Task statement:
The required output is the line with "Λάμπα Πολυμερισμού F6" plus all lines that follow it to the end of the listing below, written out exactly, with no pictures.

Information shown:
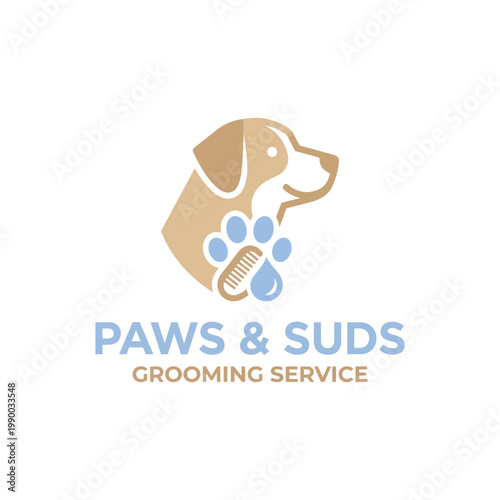 Paws and Suds Grooming Service Professional Logo Design. EPS Editable. Vector Illustrations.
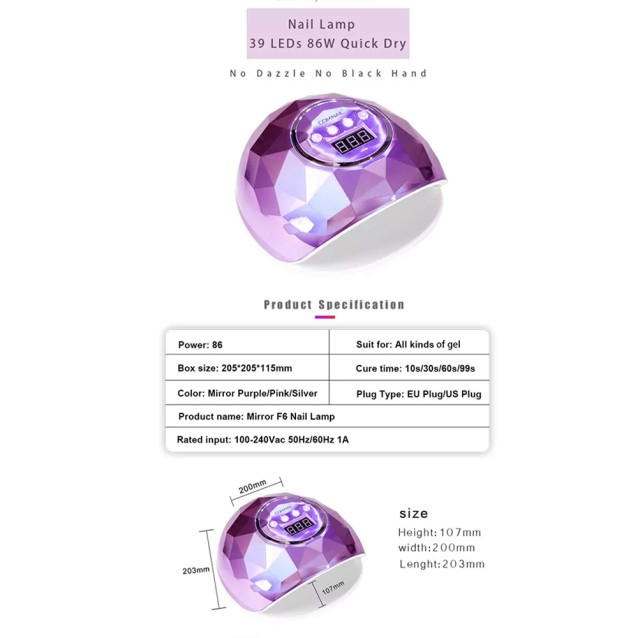 Λάμπα Πολυμερισμού F6 UV LED 86W Μεταλλική Ροζ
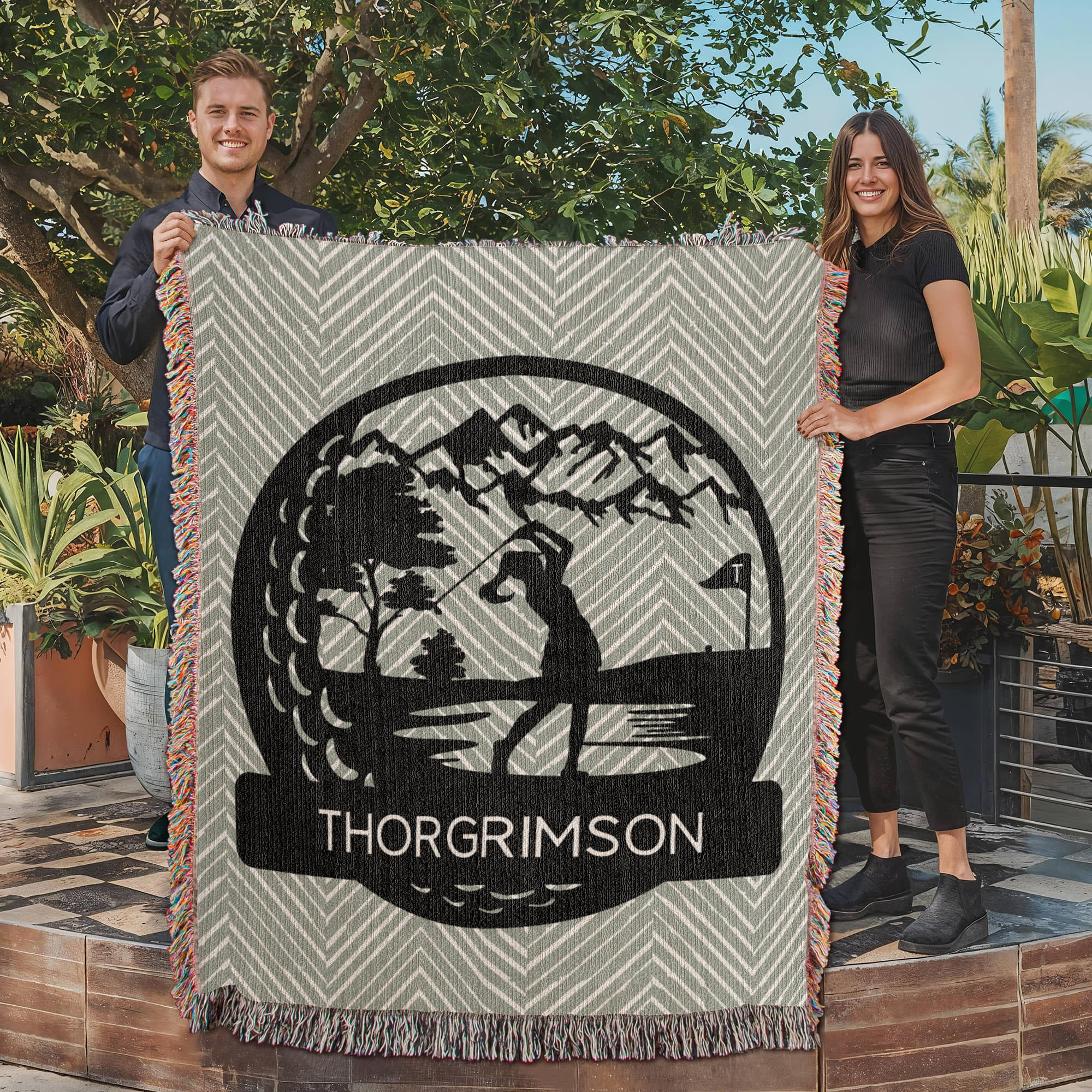 Personalized Girl Golf Player Woven Blanket Throw Monogram – Custom Athlete Gift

Your solution:
 Λάμπα Πολυμερισμού F6 UV LED 86W Μεταλλική Ροζ
 Personalized Girl Golf Player Woven Blanket Throw Monogram – Custom Athlete Gift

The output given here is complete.